┌────────

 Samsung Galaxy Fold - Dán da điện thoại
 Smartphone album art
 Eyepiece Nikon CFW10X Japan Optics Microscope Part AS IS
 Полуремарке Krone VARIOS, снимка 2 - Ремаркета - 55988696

└────────

■ PROMPT
Each line of the listing above should be output exactly.

■ SOLUTION
 Samsung Galaxy Fold - Dán da điện thoại
 Smartphone album art
 Eyepiece Nikon CFW10X Japan Optics Microscope Part AS IS
 Полуремарке Krone VARIOS, снимка 2 - Ремаркета - 55988696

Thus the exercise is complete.